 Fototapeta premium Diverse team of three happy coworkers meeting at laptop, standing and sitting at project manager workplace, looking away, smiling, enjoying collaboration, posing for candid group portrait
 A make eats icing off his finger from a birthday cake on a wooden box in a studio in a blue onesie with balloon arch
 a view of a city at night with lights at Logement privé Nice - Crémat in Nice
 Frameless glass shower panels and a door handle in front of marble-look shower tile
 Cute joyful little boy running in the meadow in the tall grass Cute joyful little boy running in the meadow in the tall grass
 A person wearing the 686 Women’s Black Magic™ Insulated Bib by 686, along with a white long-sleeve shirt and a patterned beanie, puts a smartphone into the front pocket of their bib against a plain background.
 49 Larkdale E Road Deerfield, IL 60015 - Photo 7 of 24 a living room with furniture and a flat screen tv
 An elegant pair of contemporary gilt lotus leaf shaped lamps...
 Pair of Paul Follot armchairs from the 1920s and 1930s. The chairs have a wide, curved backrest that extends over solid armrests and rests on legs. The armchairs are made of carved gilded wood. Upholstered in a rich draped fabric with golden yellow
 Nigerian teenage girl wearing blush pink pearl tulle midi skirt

----

TASK GOAL: Produce the records once again, exactly as they stand above.

TASK RESPONSE:
 Fototapeta premium Diverse team of three happy coworkers meeting at laptop, standing and sitting at project manager workplace, looking away, smiling, enjoying collaboration, posing for candid group portrait
 A make eats icing off his finger from a birthday cake on a wooden box in a studio in a blue onesie with balloon arch
 a view of a city at night with lights at Logement privé Nice - Crémat in Nice
 Frameless glass shower panels and a door handle in front of marble-look shower tile
 Cute joyful little boy running in the meadow in the tall grass Cute joyful little boy running in the meadow in the tall grass
 A person wearing the 686 Women’s Black Magic™ Insulated Bib by 686, along with a white long-sleeve shirt and a patterned beanie, puts a smartphone into the front pocket of their bib against a plain background.
 49 Larkdale E Road Deerfield, IL 60015 - Photo 7 of 24 a living room with furniture and a flat screen tv
 An elegant pair of contemporary gilt lotus leaf shaped lamps...
 Pair of Paul Follot armchairs from the 1920s and 1930s. The chairs have a wide, curved backrest that extends over solid armrests and rests on legs. The armchairs are made of carved gilded wood. Upholstered in a rich draped fabric with golden yellow
 Nigerian teenage girl wearing blush pink pearl tulle midi skirt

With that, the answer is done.